BEGIN EXERCISE MATERIALS

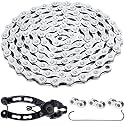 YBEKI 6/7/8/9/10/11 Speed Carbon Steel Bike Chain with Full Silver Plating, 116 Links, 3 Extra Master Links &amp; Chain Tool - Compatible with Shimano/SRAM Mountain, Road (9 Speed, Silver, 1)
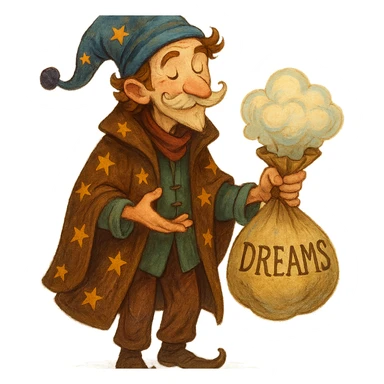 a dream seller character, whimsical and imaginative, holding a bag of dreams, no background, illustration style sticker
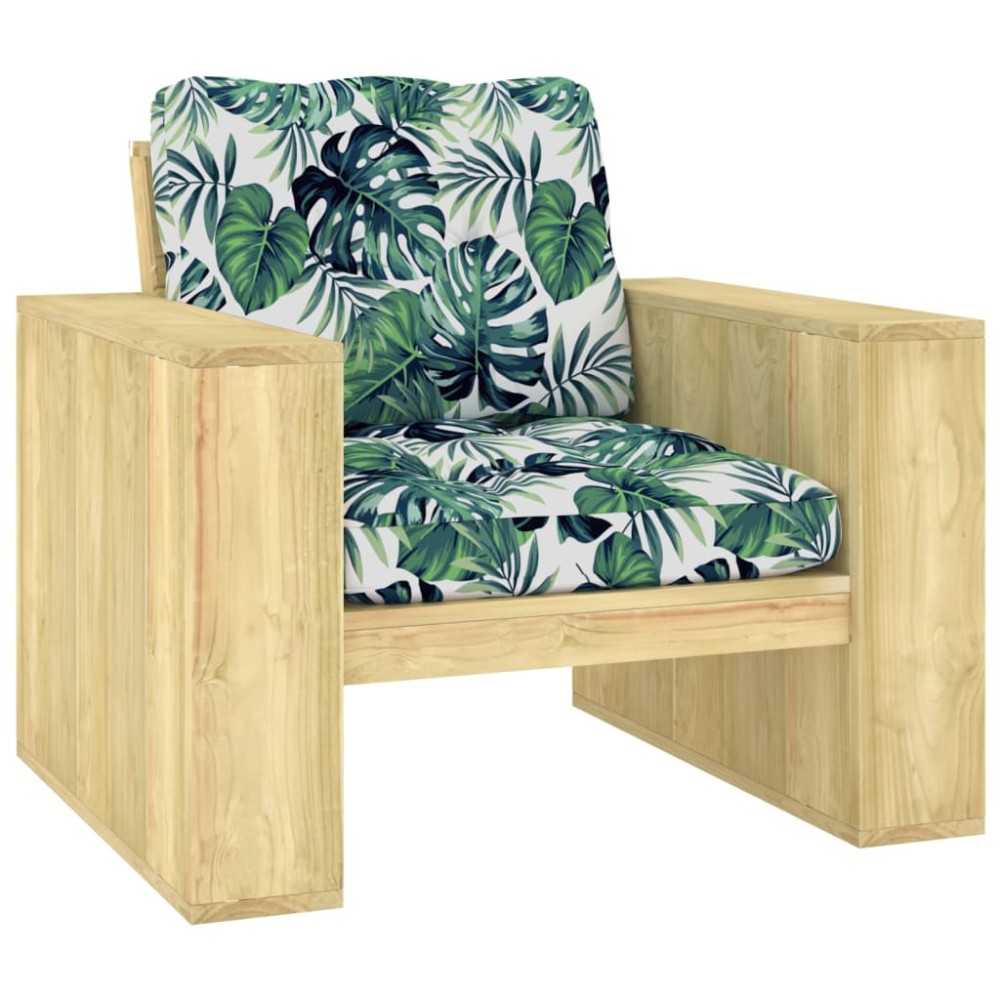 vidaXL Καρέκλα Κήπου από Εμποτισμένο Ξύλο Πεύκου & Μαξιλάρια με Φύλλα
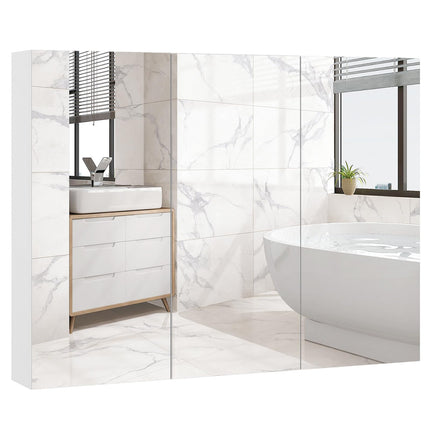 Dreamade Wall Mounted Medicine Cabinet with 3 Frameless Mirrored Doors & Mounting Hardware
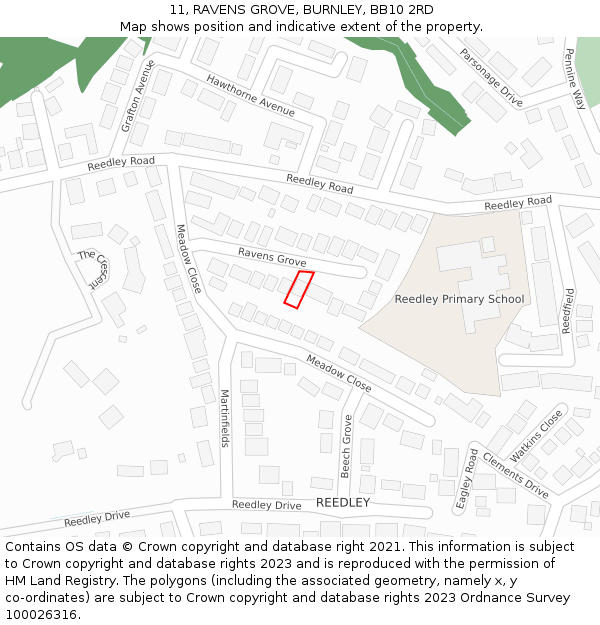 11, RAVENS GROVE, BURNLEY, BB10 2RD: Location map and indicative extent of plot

END EXERCISE MATERIALS

### ASSIGNMENT
Every entry above is to be set down exactly; the pictures are to be left out.

### WRITTEN ANSWER
 YBEKI 6/7/8/9/10/11 Speed Carbon Steel Bike Chain with Full Silver Plating, 116 Links, 3 Extra Master Links &amp; Chain Tool - Compatible with Shimano/SRAM Mountain, Road (9 Speed, Silver, 1)
 a dream seller character, whimsical and imaginative, holding a bag of dreams, no background, illustration style sticker
 vidaXL Καρέκλα Κήπου από Εμποτισμένο Ξύλο Πεύκου & Μαξιλάρια με Φύλλα
 Dreamade Wall Mounted Medicine Cabinet with 3 Frameless Mirrored Doors & Mounting Hardware
 11, RAVENS GROVE, BURNLEY, BB10 2RD: Location map and indicative extent of plot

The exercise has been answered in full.